Sun Jun 10 16:52:10 PDT 2001

> >I know of no other easily proven statement for
> >bit "stuckedness" for Alder (or even other statistical
> >or frequency based checking/detection algorithms).
> 
> The TCP checksum catches all error patterns that are 15-bits longer or
> less and all but one 16-bit long error.  If you did the TCP checksum as
> a 32-bit checksum (32-bit adds instead of 16) you'd have the same
> property.  If single bit errors are the error pattern, CRC is overkill.
> 
> Key point here is we need an error model that is realistic to determine
> what checksum to use.

This is exactly right.  Not only is coming up with a realistic error model
for an end-to-end checksum difficult, there is also no guarantee that any
system-level error model which is chosen will remain realistic over time.

A classic example of this with respect to the TCP checksum, which I think
has generally fared pretty well in real life, was an early, buggy, pre-AAL5
ATM DSU from one vendor which would occasionally reorder consecutive 48
byte chunks of packets when under load.  As long as the front of the
packet was undamaged the TCP checksum would never detect this (it is
fortunate that there are routing protocols which depend on the TCP
checksum for protection or the owner of the network using the boxes might
not have noticed and fixed this in a hurry, leaving users to fend for
themselves).  I've alway thought that if it had been known at the time
the TCP checksum was chosen that there would be transmission technologies
that could plausibly make packet-rearrangement errors common, a different,
non-associative checksum might have been picked instead.

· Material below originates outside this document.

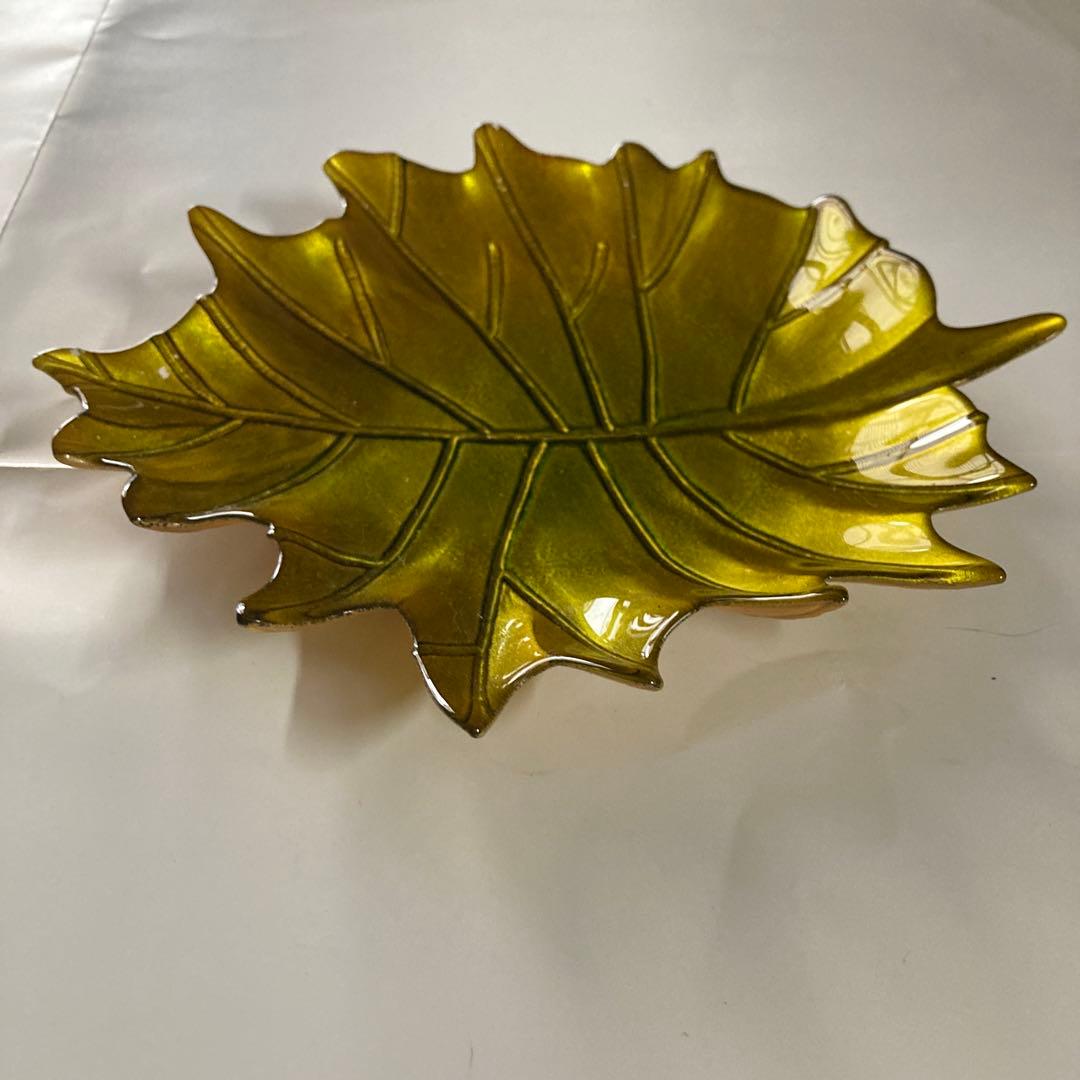 グリーン　ゴールド　リーフ　プレート　トレイ　ガラス？　陶器？　小物入れ
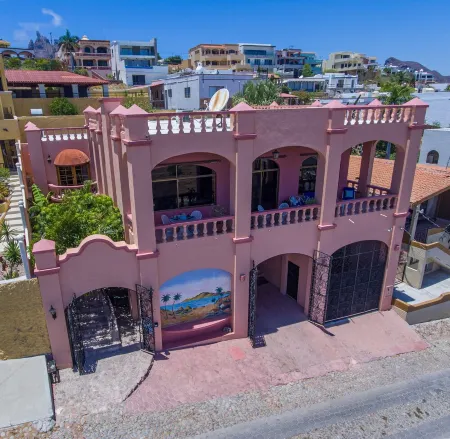 Beautiful beach home, breathtaking ocean views!! Near marina, shops, restaurants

A lesser example is the CRC-16.  The standard HDLC CRC-16 has the property
that it will detect all errors where an odd number of bits are in error.
The cost of this is that the ability of the standard CRC-16 to detect
errors with an even number of bits in error is weaker than 16-bit CRC's
which don't have this property (it still detects all but 1 in 2^16 of all
possible errors, but since half of all possible errors have an odd number
of bits in error it detects fewer of the other half).  This is still a
desirable property if one makes the traditional transmission system
assumption that lower Hamming weight errors occur with much greater
frequency, since it means that packets under 4 kB in length need at least
4 errored bits for an error to go undetected.  The problem is that for HDLC
over SONET, which came into use about 25 years after the CRC-16 did, we
ended up running a self-synchronous x^43 + 1 scrambler on top of the
CRC-protected packet data.  Self-synchronous scramblers have the effect
of multiplying bit errors, and the x^43 + 1 scrambler turns every
transmission bit error into two errored bits in the packet.  Methodically
doubling the bit errors makes most errors have an even number of bits
in error, which makes one wish that they'd picked a CRC-16 polynomial
for HDLC which wasn't maximally weak at detecting such errors.

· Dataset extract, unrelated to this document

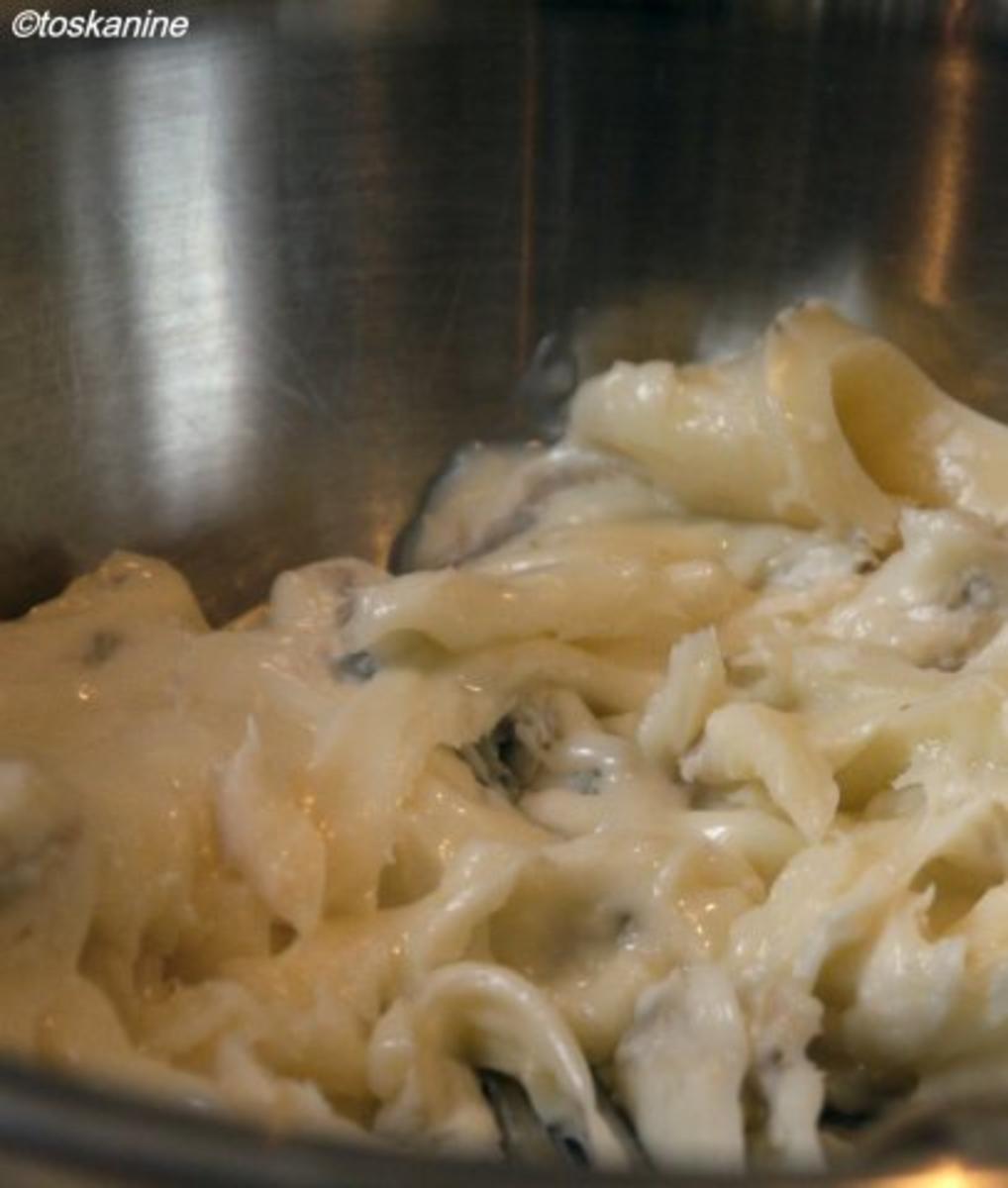 Ravioli mit Gorgonzola-Füllung, dazu eine einfache Tomatensauce - Rezept - Bild Nr. 8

Choices which are really good under some sets of circumstances are really
bad under others.  For link-by-link protection from transmission errors we
have the luxury of crafting the error detection to match the characteristics
of the link, and even of changing it if the original choice is proven wrong,
but end-to-end checksums are long-lived and are supposed to be able to treat
the network stuff in between the ends as an ever-changing black box.  I
have no idea how you design for this.

Dennis Ferguson